The patient remained on propranolol and methimazole for 3 months until definitive Graves' disease treatment with thyroidectomy. Postoperatively, she developed hypothyroidism and was treated with levothyroxine. Her liver function tests remained normal for 8 months and she has had no recurrence of cholestasis symptoms for over a year.
Discussion
The patient presented is unique in that cholestasis was the presenting feature of Graves' disease. Hyperthyroidism is associated with liver function abnormalities, including elevations in transaminases, alkaline phosphatase, prothrombin activity, and bilirubin and low serum albumin, although the mechanism of liver dysfunction is unclear (9). Hepatic injury is thought to be due to low hepatic blood flow relative to increased hepatic oxygen demand caused by hyperthyroidism (10). This hypothesis explains cholestasis associated with hyperthyroidism-induced CHF. The patient did not have associated heart failure, but it is possible that the metabolic demands were so great that oxygen supply to the liver was limited, even with normal cardiac function. The EM findings, including lack of glycogen stores and numerous mitochondria, support a high metabolic demand as a cause for the cholestasis.
The correlation of the improvement in bilirubin with the improvement in the thyroid function tests seems to go along with hyperthyroidism being the crucial contributing factor to the cholestasis. There were no other documented causes for the severe cholestasis, including AIH. HAV IgM was positive but viral culture from the biopsy was negative and IgM can remain positive for 4–6 months following a primary HAV infection (11). Cholestasis associated with HAV usually occurs in the setting of chronic infection, which is rare, and typically has a prolonged recovery time of 12–18 weeks (12). In the setting of acute hepatitis A infection, cholestasis lasts 4–30 days and is associated with bilirubin levels usually only as high as 5–10 mg/dL (11). In the United States, at the time of presentation with severe cholestasis (total bilirubin level as high as 28 mg/dL), the patient's transaminases were not significantly elevated (ALT as high as 145 IU/L, AST as high as 152 IU/L), indicating that hepatocyte inflammation, and thus HAV infection, was not dominant at the time of severe cholestasis. The full resolution of cholestasis within three and a half weeks of initiation of methimazole treatment also made HAV infection an unlikely cause of the severe cholestasis. Furthermore, EM did not reveal inflammatory infiltrates, as would be expected in the setting of HAV infection. A prior HAV infection may, however, have increased the patient's metabolic demands, causing an exacerbation of the hyperthyroidism-induced cholestasis.

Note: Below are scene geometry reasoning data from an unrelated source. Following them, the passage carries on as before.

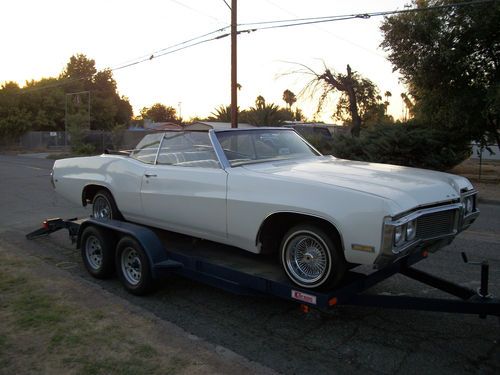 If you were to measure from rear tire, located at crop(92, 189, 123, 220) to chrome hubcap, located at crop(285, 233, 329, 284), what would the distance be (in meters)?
2.78

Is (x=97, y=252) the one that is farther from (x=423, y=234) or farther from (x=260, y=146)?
(x=423, y=234)

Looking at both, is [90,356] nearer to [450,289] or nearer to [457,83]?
[450,289]

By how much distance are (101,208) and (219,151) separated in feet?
7.47

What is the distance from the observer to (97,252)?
5.64 metres

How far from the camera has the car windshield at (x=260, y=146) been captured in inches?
191

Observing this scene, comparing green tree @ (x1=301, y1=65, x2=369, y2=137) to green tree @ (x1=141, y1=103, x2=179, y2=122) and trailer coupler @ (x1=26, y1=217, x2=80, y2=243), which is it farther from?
green tree @ (x1=141, y1=103, x2=179, y2=122)

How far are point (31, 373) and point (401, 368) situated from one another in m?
2.64

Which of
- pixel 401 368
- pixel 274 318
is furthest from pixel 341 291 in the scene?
pixel 274 318

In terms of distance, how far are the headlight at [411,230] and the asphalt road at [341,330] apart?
0.93 meters

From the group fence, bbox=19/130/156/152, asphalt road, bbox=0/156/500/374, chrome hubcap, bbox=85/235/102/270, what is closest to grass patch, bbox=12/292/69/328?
asphalt road, bbox=0/156/500/374

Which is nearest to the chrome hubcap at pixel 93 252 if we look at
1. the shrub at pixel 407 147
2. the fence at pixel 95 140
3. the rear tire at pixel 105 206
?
the rear tire at pixel 105 206

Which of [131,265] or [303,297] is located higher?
[303,297]

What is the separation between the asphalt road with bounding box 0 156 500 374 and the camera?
11.6 feet

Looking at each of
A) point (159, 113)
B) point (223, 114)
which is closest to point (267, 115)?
point (223, 114)
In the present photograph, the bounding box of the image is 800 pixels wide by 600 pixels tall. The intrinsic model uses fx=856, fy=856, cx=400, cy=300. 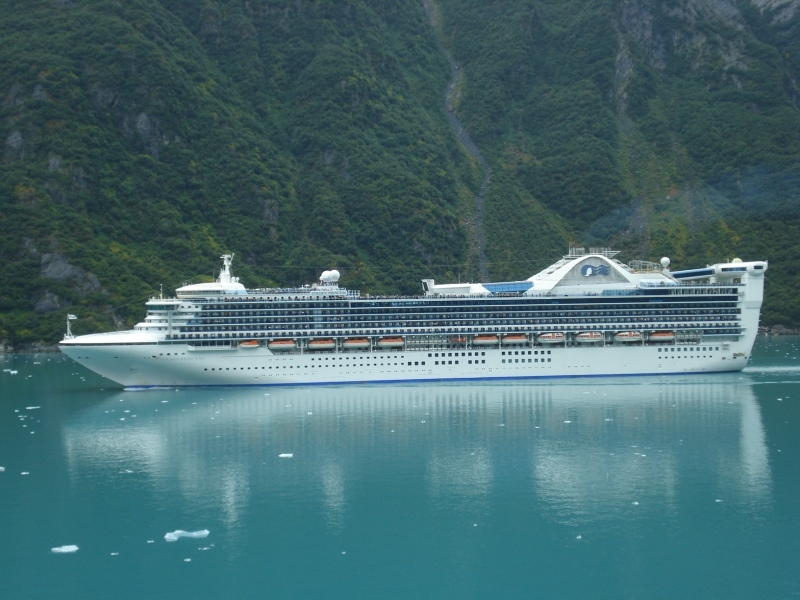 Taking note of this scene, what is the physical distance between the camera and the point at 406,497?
25859 millimetres

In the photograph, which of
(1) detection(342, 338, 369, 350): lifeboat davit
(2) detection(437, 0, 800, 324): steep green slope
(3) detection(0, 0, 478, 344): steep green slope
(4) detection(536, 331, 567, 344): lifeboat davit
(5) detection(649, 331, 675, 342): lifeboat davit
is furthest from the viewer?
(2) detection(437, 0, 800, 324): steep green slope

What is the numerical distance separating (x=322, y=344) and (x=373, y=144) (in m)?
60.3

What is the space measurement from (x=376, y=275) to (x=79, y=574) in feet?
232

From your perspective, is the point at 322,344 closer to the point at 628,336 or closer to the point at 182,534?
the point at 628,336

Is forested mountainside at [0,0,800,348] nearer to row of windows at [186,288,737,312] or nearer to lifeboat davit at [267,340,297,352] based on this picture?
row of windows at [186,288,737,312]

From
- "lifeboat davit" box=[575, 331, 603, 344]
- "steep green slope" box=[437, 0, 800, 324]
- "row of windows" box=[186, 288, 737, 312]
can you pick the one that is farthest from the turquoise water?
"steep green slope" box=[437, 0, 800, 324]

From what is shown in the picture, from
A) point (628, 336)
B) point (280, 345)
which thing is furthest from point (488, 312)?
point (280, 345)

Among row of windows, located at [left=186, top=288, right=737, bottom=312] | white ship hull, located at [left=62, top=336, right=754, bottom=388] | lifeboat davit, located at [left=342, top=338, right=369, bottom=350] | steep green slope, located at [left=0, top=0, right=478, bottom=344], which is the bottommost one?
white ship hull, located at [left=62, top=336, right=754, bottom=388]

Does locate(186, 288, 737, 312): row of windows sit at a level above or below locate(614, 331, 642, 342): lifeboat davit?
above

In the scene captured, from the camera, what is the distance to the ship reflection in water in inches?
1022

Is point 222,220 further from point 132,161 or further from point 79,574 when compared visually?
point 79,574

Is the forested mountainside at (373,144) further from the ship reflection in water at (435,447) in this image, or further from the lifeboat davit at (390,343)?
the ship reflection in water at (435,447)

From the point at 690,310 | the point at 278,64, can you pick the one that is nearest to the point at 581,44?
the point at 278,64

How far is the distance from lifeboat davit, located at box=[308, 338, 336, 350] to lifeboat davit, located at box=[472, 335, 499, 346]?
810cm
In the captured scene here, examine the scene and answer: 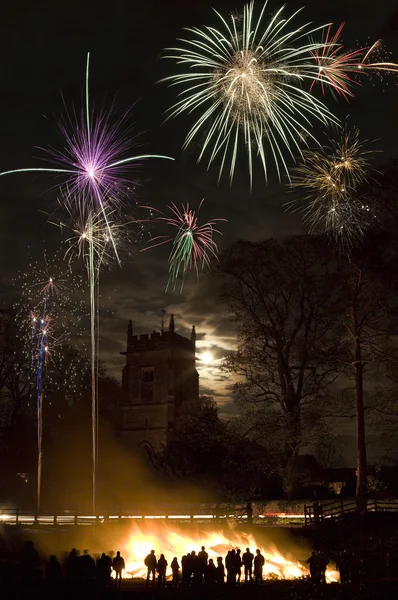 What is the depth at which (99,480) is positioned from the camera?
55750 millimetres

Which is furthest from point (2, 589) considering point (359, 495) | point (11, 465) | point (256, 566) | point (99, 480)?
point (99, 480)

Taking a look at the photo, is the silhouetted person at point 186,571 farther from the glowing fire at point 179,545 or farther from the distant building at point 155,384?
the distant building at point 155,384

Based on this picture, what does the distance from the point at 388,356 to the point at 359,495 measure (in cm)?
656

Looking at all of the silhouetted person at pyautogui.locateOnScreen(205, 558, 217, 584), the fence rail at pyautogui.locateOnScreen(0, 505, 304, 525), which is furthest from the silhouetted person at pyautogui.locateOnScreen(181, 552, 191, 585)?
the fence rail at pyautogui.locateOnScreen(0, 505, 304, 525)

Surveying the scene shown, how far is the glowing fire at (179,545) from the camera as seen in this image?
964 inches

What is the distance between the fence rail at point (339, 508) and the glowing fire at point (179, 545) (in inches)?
97.8

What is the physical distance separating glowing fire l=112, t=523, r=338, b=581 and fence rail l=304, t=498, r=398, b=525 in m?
2.48

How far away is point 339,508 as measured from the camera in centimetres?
2855

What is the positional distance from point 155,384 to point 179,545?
3794cm

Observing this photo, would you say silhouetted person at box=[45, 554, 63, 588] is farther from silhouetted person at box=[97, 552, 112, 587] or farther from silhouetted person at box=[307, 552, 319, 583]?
silhouetted person at box=[307, 552, 319, 583]

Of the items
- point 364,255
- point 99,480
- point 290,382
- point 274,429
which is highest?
point 364,255

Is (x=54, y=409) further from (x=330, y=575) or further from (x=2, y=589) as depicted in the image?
(x=2, y=589)

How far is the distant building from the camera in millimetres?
63469

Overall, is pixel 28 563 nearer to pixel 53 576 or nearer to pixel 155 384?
pixel 53 576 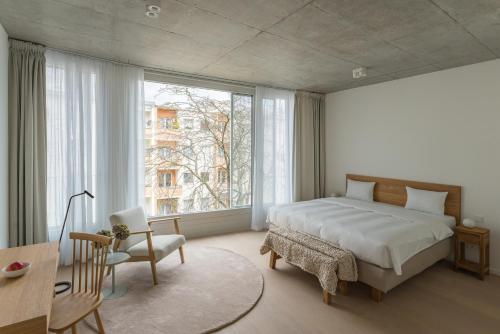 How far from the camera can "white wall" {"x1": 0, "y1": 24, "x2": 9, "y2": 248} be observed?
2.70 meters

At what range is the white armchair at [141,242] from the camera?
2896 millimetres

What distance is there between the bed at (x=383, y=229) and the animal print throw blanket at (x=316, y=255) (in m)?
0.12

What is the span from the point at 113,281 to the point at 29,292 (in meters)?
1.42

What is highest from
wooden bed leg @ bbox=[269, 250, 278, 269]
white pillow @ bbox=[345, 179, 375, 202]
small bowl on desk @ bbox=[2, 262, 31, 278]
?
white pillow @ bbox=[345, 179, 375, 202]

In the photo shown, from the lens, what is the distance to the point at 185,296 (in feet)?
8.89

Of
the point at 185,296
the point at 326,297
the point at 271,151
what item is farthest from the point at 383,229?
the point at 271,151

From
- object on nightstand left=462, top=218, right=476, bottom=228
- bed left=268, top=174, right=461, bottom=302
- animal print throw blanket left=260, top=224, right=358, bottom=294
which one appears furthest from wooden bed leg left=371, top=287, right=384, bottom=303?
object on nightstand left=462, top=218, right=476, bottom=228

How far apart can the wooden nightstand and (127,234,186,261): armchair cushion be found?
137 inches

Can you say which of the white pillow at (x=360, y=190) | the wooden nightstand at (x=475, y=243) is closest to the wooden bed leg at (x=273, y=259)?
the white pillow at (x=360, y=190)

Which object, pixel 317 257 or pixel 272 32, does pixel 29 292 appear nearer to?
pixel 317 257

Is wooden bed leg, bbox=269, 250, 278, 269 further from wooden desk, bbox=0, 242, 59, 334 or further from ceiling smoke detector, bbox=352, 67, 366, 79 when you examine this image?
ceiling smoke detector, bbox=352, 67, 366, 79

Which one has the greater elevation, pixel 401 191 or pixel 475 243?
pixel 401 191

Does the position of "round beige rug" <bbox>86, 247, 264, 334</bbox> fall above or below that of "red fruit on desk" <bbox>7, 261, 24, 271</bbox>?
below

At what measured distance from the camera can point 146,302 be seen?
2592 mm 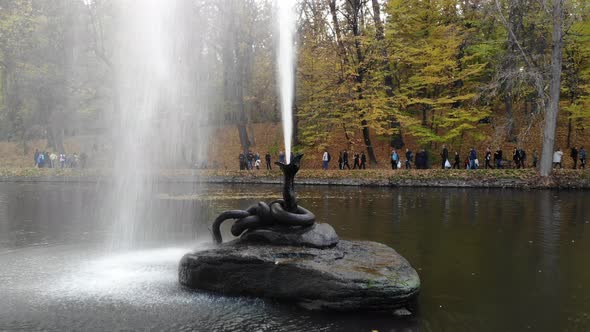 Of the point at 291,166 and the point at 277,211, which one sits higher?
the point at 291,166

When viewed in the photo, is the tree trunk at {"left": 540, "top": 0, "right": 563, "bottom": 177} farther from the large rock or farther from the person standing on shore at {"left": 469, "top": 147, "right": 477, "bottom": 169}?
the large rock

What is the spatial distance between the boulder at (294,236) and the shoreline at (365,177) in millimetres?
21302

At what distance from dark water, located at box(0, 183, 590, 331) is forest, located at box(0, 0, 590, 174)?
13.8 m

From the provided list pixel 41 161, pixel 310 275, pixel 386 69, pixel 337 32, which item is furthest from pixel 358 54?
pixel 310 275

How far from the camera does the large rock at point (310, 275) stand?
7359mm

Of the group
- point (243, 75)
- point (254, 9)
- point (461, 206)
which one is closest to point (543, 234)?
point (461, 206)

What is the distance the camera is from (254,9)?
1468 inches

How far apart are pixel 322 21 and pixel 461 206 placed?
21037 millimetres

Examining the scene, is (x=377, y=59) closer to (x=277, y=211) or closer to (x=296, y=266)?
(x=277, y=211)

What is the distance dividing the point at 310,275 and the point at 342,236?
571 cm

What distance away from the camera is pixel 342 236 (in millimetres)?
13219

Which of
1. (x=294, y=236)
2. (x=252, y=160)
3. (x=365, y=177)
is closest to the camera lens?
(x=294, y=236)

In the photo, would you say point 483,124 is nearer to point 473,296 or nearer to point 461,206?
point 461,206

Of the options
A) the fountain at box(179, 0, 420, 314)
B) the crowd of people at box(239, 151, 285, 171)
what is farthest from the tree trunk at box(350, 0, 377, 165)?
the fountain at box(179, 0, 420, 314)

Of note, the patient had resolution of both the hyperthyroidism and cholestasis while treated with methimazole, an agent known to, on occasion, cause cholestasis (13 –15). Propylthiouracil was not used for treatment due to recent publications reporting higher rates of hepatotoxicity in children (16). The patient's improved thyroid status without further liver dysfunction suggests that methimazole can be used to treat hyperthyroidism in the setting of cholestasis. Further studies are needed to confirm the safety of methimazole in patients with liver abnormalities.
Footnotes
Disclosure Statement
The authors declare that no competing financial interests exist.